Work task: From the entries that follow, copy exactly the lines beginning at the line holding "location Bureaux 130.00 m² Nantes 44" and continuing through the line holding "Meridyendukkan Yüzücü Gözlüğü".

[Dataset items]
################

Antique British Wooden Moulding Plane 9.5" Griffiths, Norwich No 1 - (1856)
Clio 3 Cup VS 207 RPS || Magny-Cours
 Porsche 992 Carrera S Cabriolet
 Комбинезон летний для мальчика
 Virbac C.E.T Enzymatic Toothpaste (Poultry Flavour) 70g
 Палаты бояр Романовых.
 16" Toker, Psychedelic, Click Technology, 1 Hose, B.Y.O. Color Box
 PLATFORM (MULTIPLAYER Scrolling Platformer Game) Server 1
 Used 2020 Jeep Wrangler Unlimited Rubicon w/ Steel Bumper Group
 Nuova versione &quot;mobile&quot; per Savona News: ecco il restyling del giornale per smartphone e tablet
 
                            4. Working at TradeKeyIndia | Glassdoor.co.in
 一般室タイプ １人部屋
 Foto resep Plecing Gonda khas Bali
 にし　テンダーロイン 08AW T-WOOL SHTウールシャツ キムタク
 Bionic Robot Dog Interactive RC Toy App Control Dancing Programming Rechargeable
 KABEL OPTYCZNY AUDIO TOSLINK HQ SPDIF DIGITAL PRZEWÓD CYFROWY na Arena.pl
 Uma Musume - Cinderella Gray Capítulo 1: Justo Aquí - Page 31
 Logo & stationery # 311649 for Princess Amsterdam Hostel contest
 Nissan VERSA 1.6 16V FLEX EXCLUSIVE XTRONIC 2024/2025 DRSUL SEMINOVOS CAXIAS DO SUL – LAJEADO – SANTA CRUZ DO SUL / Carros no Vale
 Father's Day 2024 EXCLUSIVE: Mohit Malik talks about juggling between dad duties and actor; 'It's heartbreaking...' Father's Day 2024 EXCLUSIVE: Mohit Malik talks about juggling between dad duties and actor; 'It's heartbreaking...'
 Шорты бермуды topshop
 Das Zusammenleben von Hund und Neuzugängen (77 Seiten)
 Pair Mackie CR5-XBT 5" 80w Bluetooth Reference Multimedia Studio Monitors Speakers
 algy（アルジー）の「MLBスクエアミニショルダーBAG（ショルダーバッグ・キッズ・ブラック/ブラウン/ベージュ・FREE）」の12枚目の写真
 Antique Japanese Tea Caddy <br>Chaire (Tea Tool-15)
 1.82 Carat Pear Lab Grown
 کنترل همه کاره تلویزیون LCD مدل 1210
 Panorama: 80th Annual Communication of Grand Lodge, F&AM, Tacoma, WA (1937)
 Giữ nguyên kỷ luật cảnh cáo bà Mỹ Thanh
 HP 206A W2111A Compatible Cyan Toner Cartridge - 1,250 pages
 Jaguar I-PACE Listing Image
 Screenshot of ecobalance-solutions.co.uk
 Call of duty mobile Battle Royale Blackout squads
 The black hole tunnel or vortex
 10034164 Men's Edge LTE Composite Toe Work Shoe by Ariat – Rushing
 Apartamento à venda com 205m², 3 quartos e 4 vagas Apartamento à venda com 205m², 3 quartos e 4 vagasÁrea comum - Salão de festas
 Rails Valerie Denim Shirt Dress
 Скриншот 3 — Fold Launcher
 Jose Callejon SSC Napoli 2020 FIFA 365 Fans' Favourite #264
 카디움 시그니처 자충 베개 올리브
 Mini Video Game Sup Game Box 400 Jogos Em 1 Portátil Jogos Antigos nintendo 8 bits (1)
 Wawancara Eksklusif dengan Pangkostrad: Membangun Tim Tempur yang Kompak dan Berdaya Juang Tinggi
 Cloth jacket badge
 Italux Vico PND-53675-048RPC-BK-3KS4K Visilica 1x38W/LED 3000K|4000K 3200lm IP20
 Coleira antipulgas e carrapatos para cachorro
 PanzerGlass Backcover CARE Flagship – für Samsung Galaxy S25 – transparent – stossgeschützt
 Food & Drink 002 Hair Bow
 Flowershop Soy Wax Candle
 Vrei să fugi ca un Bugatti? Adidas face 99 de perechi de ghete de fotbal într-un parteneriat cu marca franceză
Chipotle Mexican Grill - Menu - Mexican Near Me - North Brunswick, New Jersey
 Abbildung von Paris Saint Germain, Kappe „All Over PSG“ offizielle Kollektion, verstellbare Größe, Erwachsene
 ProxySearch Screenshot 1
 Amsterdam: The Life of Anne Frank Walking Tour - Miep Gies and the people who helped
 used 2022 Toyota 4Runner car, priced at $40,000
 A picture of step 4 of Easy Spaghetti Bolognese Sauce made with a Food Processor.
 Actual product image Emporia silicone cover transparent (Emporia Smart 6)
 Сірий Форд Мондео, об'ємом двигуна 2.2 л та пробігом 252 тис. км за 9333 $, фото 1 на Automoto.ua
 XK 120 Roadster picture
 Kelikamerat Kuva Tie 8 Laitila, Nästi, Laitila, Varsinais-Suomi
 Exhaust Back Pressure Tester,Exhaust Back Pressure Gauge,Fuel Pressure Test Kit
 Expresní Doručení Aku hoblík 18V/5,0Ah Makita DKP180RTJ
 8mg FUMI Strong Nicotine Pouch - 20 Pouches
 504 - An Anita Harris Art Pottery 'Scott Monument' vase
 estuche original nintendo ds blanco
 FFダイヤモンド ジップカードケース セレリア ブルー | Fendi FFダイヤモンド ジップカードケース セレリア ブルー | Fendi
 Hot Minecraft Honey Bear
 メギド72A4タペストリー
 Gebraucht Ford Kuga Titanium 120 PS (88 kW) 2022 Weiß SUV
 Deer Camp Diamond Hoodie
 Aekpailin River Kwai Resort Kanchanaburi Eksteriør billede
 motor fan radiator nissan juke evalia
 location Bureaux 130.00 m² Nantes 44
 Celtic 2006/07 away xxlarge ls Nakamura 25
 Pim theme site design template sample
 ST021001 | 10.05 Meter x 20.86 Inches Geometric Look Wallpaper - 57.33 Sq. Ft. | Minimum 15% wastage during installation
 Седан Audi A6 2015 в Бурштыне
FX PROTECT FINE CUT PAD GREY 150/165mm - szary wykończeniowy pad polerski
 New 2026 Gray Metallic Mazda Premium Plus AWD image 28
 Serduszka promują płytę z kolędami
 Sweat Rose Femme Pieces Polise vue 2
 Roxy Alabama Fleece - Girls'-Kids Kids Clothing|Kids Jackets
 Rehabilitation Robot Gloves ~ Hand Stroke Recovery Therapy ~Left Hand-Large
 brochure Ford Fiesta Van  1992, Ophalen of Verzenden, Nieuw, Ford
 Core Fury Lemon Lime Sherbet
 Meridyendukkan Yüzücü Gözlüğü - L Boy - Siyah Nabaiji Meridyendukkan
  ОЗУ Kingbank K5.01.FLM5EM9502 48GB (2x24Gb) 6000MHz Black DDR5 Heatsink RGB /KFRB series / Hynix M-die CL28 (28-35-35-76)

################

Task answer:
 location Bureaux 130.00 m² Nantes 44
 Celtic 2006/07 away xxlarge ls Nakamura 25
 Pim theme site design template sample
 ST021001 | 10.05 Meter x 20.86 Inches Geometric Look Wallpaper - 57.33 Sq. Ft. | Minimum 15% wastage during installation
 Седан Audi A6 2015 в Бурштыне
FX PROTECT FINE CUT PAD GREY 150/165mm - szary wykończeniowy pad polerski
 New 2026 Gray Metallic Mazda Premium Plus AWD image 28
 Serduszka promują płytę z kolędami
 Sweat Rose Femme Pieces Polise vue 2
 Roxy Alabama Fleece - Girls'-Kids Kids Clothing|Kids Jackets
 Rehabilitation Robot Gloves ~ Hand Stroke Recovery Therapy ~Left Hand-Large
 brochure Ford Fiesta Van  1992, Ophalen of Verzenden, Nieuw, Ford
 Core Fury Lemon Lime Sherbet
 Meridyendukkan Yüzücü Gözlüğü - L Boy - Siyah Nabaiji Meridyendukkan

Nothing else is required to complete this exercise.